I'm afraid this is a (another?) direct consequence of the NL-terminated
strings feature that you introduced more than one year ago.  If you
remember, this had various consequences vis-a-vis balancing,
broke a test (one that I disabled in the expectation that a fix would be
made available, which I don't think happened). Here are some points of
that thread:

https://lists.gnu.org/archive/html/emacs-devel/2018-06/msg00551.html
https://lists.gnu.org/archive/html/emacs-devel/2018-06/msg00580.html

I think I made my views clear back then: NL-terminated strings are a
misfeature. The only argument _for_ them, that they mimic what some
compilers do, is very weak because (1) the code is invalid in both
situations (not in any way "slightly less" invalid in any of them) and
(2) compilers don't edit code and so have different requirements.

The arguments _against_ NL-terminated strings is that they (1) break
longstanding features such as sexp-based navigation (e.g. `up-list`
and friends) for modes such say, `js-mode` and (2) break features
that expect this to work, most notably electric-pair-mode.

Moving forward:

1. We can consider that electric-pair-mode is doing the right thing.
Indeed if NL is indeed terminating a string, then quote balance has been
maintained after the double quote insertion, i.e. it has not worsened. 
That is the general contract of  `electric-pair-preserve-balance`.

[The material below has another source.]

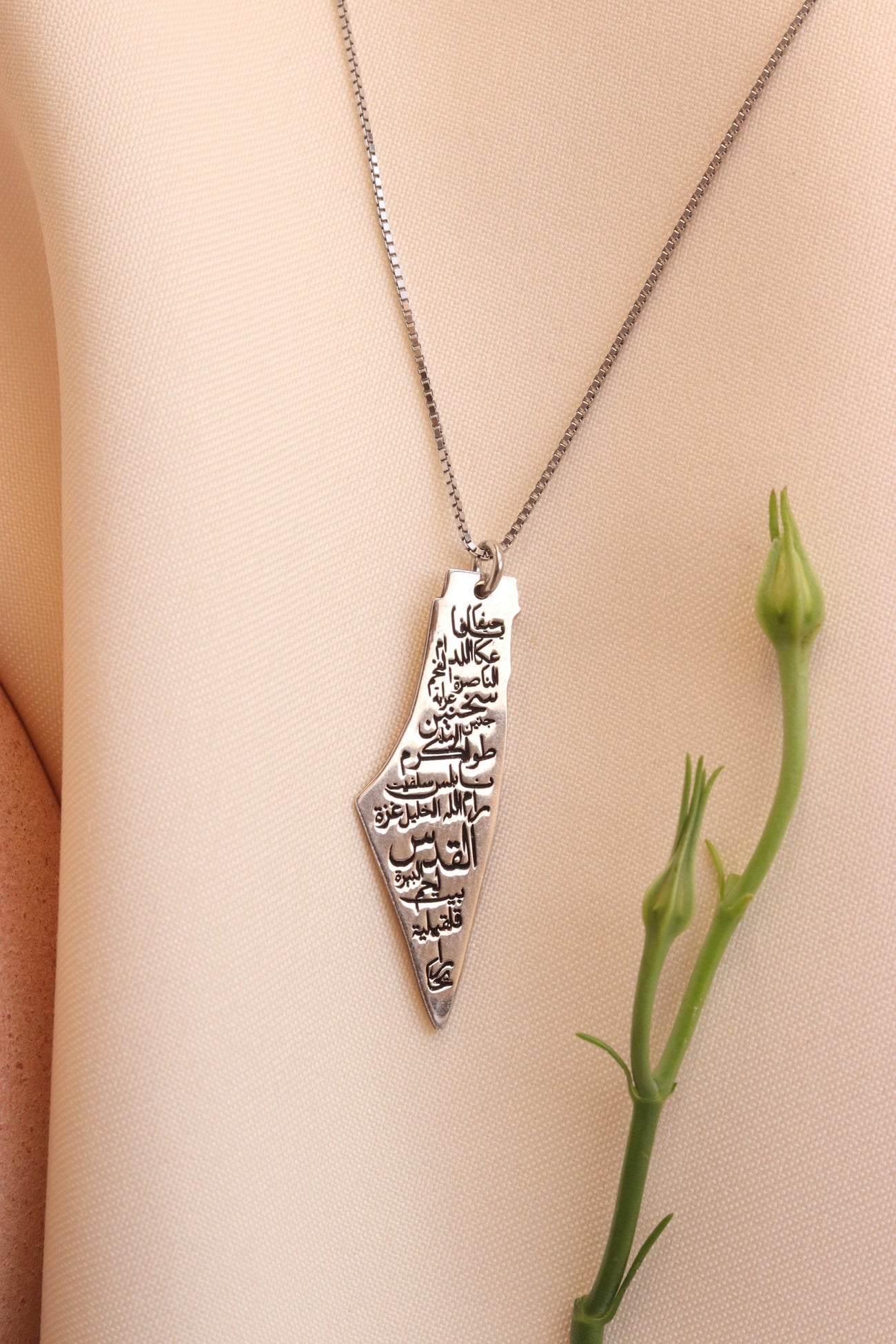 TCB-Necklace(Palestine map with cities engraved inside)Silver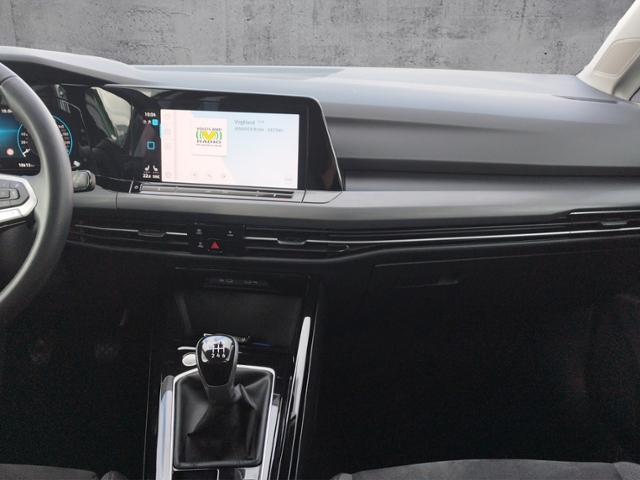 Golf VIII Style 1.5 TSI LED+/RFK/NAV/SHZ/CARPLAY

2.The NL-terminated string feature is removed (or, if you prefer, is
made disableable). This would restore the behaviour that most users
would expect coming over, from say python-mode or js-mode. Perhaps
it can already be disabled with a couple of lines of emacs-lisp tweaking
the syntax-table.

3. Someone comes up with a suitable indirection that doesn't involve
hardcoding `cc-mode` in elec-pair.el.  That indirection would
presumably do what you want for modes `cc-mode` derived
from cc-mode.

4. Someone reinvents electric-pair-mode in cc-model.el.
Let's not do this.

I prefer 2.

Thanks,
João



>


>
> This does not work in CC Mode, since although there is an open string
> marker (with a string fence syntax-table property on it) this is
> "closed" (from parse-partial-sexp's point of view) by the string fence
> property on the newline at the end of the line.
> electric-pair--unbalanced-strings-p thus returns the wrong result.
>
> A more suitable algorithm might look something like this: check whether
> the newly inserted " has a string fence syntax-table text property.
> (Its insertion will have already triggered the before- and
> after-change-functions which set this property.)  If so, there is an
> open string.  Of course, this only applies to CC Mode modes.
>
> --
> Alan Mackenzie (Nuremberg, Germany).